Most helpful customer reviews
3 of 4 people found the following review helpful.
A must-read for political mechanics
By F. X. Flinn
Jay's recounting of the 2010 Minnesota Senate election recount process kept this political junkie up until the wee hours on a straight-thru read after picking it up at 10pm. A terrific combination of exegesis and context -- you get a clear understanding of where the votes are that might change the outcome, the rules under which Minnesota proceeds, the strategic options available to both campaigns, and the background on the key players who are integrating this in real-time.
As someone who works most elections locally and who has participated in a couple of recounts, the lessons of this recount are the enduring lessons common to all close elections: the more information your campaign can develop, and the larger the pool of volunteers and staff you can marshal during the recount, the more likely it is you'll win. There are some telling moments in this book where the Coleman campaign shoots itself in the foot by challenging absentee ballot submissions the Franken campaign is willing to accept, even though the Franken campaign suspects the vote may be in Coleman's favor. How can this happen? The Franken campaign's voter database is nearly complete in its rating of Minnesota voters, while the Coleman lists are so incomplete and out of date as to be essentially useless. The Franken campaign realizes within days of the election that absentee ballots are going to trend in Franken's favor by comparing lists of who took an absentee ballot with their database. Their main task becomes that of making sure absentee ballots wrongly put aside on election day as not being submitted correctly are counted. They succeed, and Franken's vote totals climb.
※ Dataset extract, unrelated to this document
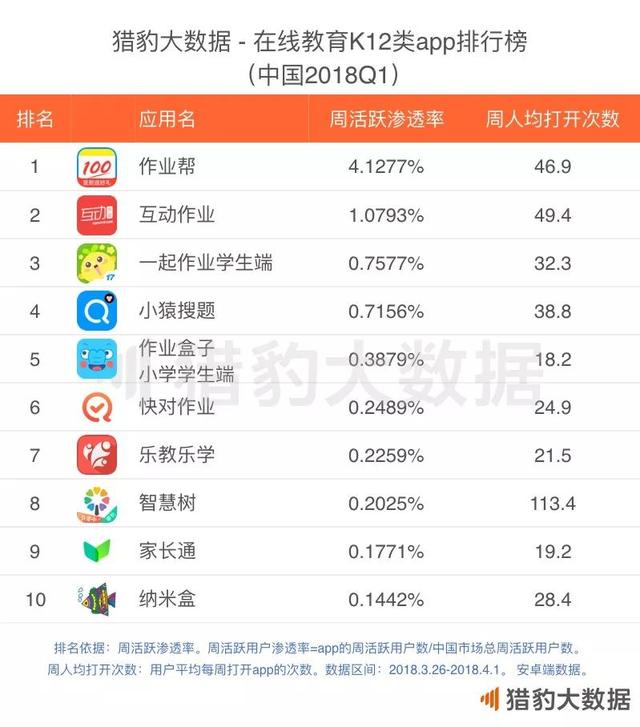 2018年Q1 App涨幅榜：短视频增长联动摄影和小游戏，网赚新闻挖到宝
There are important lessons here for anyone involved in any kind of election work. A fast, breezy who-done-it for political geeks everywhere.
4 of 6 people found the following review helpful.
Good look at a long, involved political process.
By Jill Meyer
Jay Weiner has written a relatively even-handed look at the recount and ensuing law suit of the Minnesota 2008 Senate race. This was a race that seemed to excite very few voters in the state because both major party candidates were unpopular. Al Franken, the comedian and writer, claimed the mantle of the late liberal senator, Paul Wellstone, but was personally disagreeable to many Democratic voters. Obama carried the state by a fairly large margin, making a win for Franken almost a sure-thing. However, thousands of Democrats seemed to enter the polling booths and vote for Obama and then either not vote in the Senate race, or voted for Barkley - the third-party candidate, who gained 15% of the vote - or voted for Minnesota's incumbent senator, Norm Coleman. Coleman, a former DFL'er who changed party affiliation to Republican and won the 2002 Senate race, basically because the incumbent, Democrat Paul Wellstone, was killed in a small-plane crash a few weeks before that election. So neither candidate - Franken or Coleman - had endeared themselves to the voting public in their nasty and expensive Senate race.
The first results of the race gave incumbent Coleman a margin of about 500 votes (out of 3 million votes cast) lead over Franken and Barkley, automatically triggering a recount by Minnesota law. This was the third or so major election recount since the 1950's and both sides, Republican and Democratic - knowing the results were going to be close - had geared up for it before the election, hiring lawyers and other political strategists. Neither side wanted a repeat of the 2000 Presidential election fight in Florida. Norm Coleman made a speech right after after the results were in, calling for Franken not to fight the results and concede the election "for the good of the state". But Franken refused - and rightly so - not to do so and the ballots were recounted. At issue were the absentee ballots which were scrutinised by both sides. After the recount ended in January 2009 and Franken declared the winner by about 250 votes, Coleman fought on with a case against certifying Franken's victory by the Tim Pawlenty, Minnesota's Republican governor. Eventually, months after the November election, the fights came to an end and Al Franken was sworn-in as Minnesota's junior senator.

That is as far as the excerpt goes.